On any given finite data set, it is evident from Eqs.\
\ref{eqn:closed-form-beta1-hat}--\ref{eqn:closed-form-beta0-hat} that there is
always a least-squares estimate, {\em unless} $s^2_X = 0$, i.e., unless the
sample variance of $X$ is zero, i.e., unless all the $x_i$ have the same value.
(Obviously, with only one value of the $x$ coordinate, we can't work out the
slope of a line!)  Moreover, if $s^2_X > 0$, then there is exactly {\em one}
combination of slope and intercept which minimizes the MSE in-sample.

One way to understand this algebraically is that the estimating equations give
us a system of two linear equations in two unknowns.  As we remember from
linear algebra (or earlier), such systems have a unique solution, unless one of
the equations of the system is redundant.  (See Exercise
\ref{exercise:linear-systems-of-estimating-equations}.)

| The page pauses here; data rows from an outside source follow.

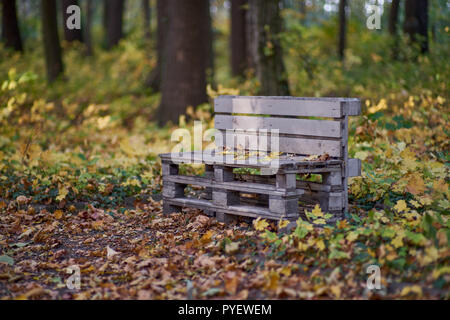 Herbstfarben Herbst sonnige bunte Stimmung Stockfoto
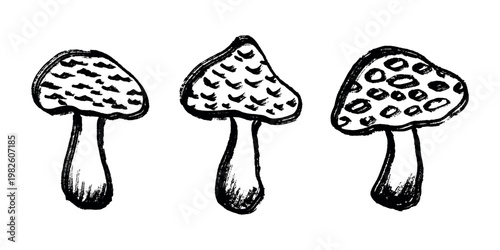 Hand drawn mushroom doodle set Botanical illustration Cute autumn mushroom Healthy eco food Organic vegetarian food For stickers, greeting card, design, print, packaging, decor, kids books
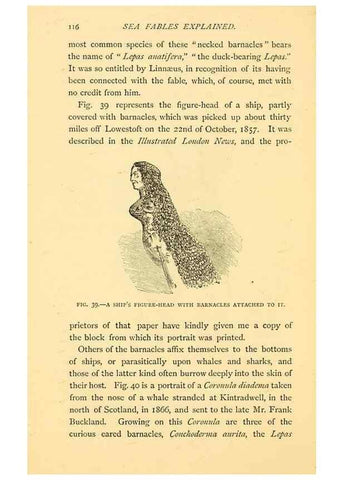 Reproducción/Reproduction 14966852514: Sea fables explained /. London :W. Clowes and sons, ltd.,1883.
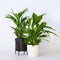 Plant in a Box - Luchtzuiverende kamerplanten - Set van 2 - Areca - Spathiphyllum - Pot 17cm - Hoogte 60-75cm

Notice that this existence and uniqueness of a least-squares estimate assumes
{\em absolutely nothing} about the data-generating process.  In particular, it
does {\em not} assume that the simple linear regression model is correct.
There is always {\em some} straight line that comes closest to our data points,
no matter how wrong, inappropriate or even just plain silly the simple linear
model might be.


\section{Constant-Plus-Noise Representations}

In deriving the properties of the least-squares estimators, it is extremely
helpful to re-write them so that they have the form ``constant $+$ noise'', and
especially to try to write the noise as a sum of uncorrelated random variables.
This sort of ``representation'' of the estimator makes it much simpler to
determine its properties, because adding up constants and uncorrelated random
variables is what the rules of algebra from Lecture 1 make easy for us.

To this end, let's be explicit about writing out $\hat{\beta}_1$ in the
form of a constant plus a sum of uncorrelated noise random variables.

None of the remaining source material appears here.